Segundo ele, o Brasil vai precisar de 10 milhões de toneladas de cloreto de potássio para a próxima safra, e a expectativa é de que 3 milhões venham da Rússia. “Se não vierem, vamos ter de comprar de outros países, como o Canadá. O problema é que o mundo inteiro se abastece na Rússia, e muitos países vão procurar alternativas, não só o Brasil.”
Segundo dados da associação, o Brasil é o quarto maior consumidor de fertilizantes, atrás da China, da Índia e dos Estados Unidos, mas é o maior importador mundial desses insumos – basicamente nitrogênio (N), fósforo (P) e potássio (K). Isso se explica pela composição dos solos brasileiros, pobre em nutrientes, devido à sua característica tropical, principalmente na região do cerrado, onde se concentra a maior produção de grãos.
Riscos
Para a safra atual, por conta dos preços, que já vinham altos antes mesmo de começar o conflito no Leste Europeu, os produtores não anteciparam as compras de fertilizantes no volume de anos anteriores. “O que os agentes do mercado comentam é que a antecipação foi em torno de 30% este ano”, disse Tortorella.
“No ano passado, na mesma época, estava acima disso. E a guerra pode impor riscos para a próxima safra. Se o conflito acabar de hoje para amanhã, os fluxos de insumos da Rússia para o Brasil vão continuar. Se demorar até três meses, temos de buscar soluções que ajudem nossa safra a manter seu ritmo, que tem sido crescente.”
Para o especialista em questões globais do agronegócio e sustentabilidade, Marcos Jank, faltou investimento nas últimas décadas na produção nacional de fertilizantes. “Houve muitos projetos que não foram aprovados por falta de licenciamento. Nos tornamos o maior importador mundial.”
Ele lembrou que o avanço na produtividade de grãos do País implicou maior consumo de adubos. “Passamos a fazer duas safras anuais, a ter mais produtividade sem aumento de área, a fazer a integração pecuária-agricultura, tudo com um consumo maior de fertilizantes. Só que não houve política para aumentar a produção interna e, sem esse incentivo, ficava mais caro produzir aqui. Era mais fácil importar, e o Brasil passou a recorrer ao mercado externo, gerando a dependência que temos hoje.”

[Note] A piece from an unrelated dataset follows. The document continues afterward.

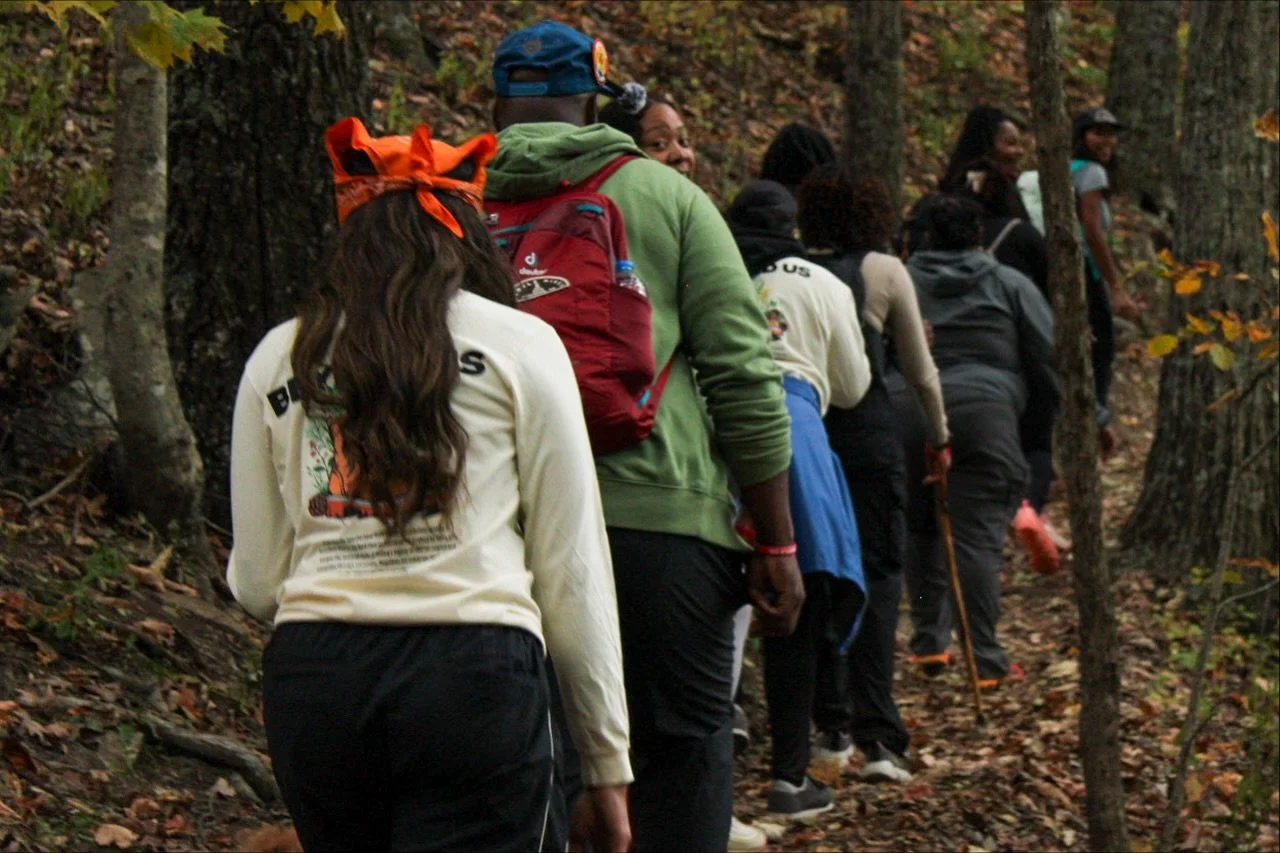 Unity means creating trails that connect people, not just placesπ±
We’re bridging generations and cultures, rewriting the narrative, and honoring the legacies of @appalachiantrail 100 years and @hustleandgive 10 years of impact — togethe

Jank não vê possibilidade de reversão desse quadro em um prazo curto. “O pessoal está falando que agora precisa ter o plano nacional de fertilizantes, mas isso não vai resolver o problema imediato”, disse. “Nessa altura, a melhor solução é diversificar a importação para não depender de um mercado só, como acontece com a dependência da Rússia.”